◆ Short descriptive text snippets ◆
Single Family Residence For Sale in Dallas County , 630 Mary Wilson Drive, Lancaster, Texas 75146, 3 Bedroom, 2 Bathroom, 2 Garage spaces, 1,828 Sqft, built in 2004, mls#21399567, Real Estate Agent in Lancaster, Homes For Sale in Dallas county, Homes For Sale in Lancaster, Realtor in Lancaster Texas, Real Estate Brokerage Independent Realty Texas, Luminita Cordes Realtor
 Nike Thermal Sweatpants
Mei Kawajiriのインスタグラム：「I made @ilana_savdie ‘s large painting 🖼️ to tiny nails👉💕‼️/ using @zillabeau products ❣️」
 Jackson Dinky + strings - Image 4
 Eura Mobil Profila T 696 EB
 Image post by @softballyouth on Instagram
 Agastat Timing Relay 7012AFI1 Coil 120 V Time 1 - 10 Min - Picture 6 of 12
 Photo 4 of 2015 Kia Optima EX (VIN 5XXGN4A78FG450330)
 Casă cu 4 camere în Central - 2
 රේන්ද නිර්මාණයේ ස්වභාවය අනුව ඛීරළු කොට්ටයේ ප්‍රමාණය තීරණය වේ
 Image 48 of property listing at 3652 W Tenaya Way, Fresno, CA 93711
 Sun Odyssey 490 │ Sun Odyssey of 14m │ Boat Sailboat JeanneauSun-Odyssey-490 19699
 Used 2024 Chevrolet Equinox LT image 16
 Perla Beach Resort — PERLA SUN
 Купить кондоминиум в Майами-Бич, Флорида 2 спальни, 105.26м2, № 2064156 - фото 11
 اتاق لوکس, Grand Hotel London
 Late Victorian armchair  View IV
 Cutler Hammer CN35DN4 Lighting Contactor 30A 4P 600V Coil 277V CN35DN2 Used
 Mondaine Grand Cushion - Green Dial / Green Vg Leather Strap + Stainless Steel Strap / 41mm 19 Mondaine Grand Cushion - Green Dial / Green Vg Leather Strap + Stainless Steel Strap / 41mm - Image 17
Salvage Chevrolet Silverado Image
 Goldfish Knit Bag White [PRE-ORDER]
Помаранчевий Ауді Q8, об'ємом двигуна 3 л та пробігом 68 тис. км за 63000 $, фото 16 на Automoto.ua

◆ ASSIGNED TASK ◆
In the entries above, find the line holding "Casă cu 4 camere în Central - 2" and the line holding "Perla Beach Resort — PERLA SUN", then retype exactly those two lines and every line between them, and nothing else.

◆ RESPONSE TO THE EXERCISE ◆
 Casă cu 4 camere în Central - 2
 රේන්ද නිර්මාණයේ ස්වභාවය අනුව ඛීරළු කොට්ටයේ ප්‍රමාණය තීරණය වේ
 Image 48 of property listing at 3652 W Tenaya Way, Fresno, CA 93711
 Sun Odyssey 490 │ Sun Odyssey of 14m │ Boat Sailboat JeanneauSun-Odyssey-490 19699
 Used 2024 Chevrolet Equinox LT image 16
 Perla Beach Resort — PERLA SUN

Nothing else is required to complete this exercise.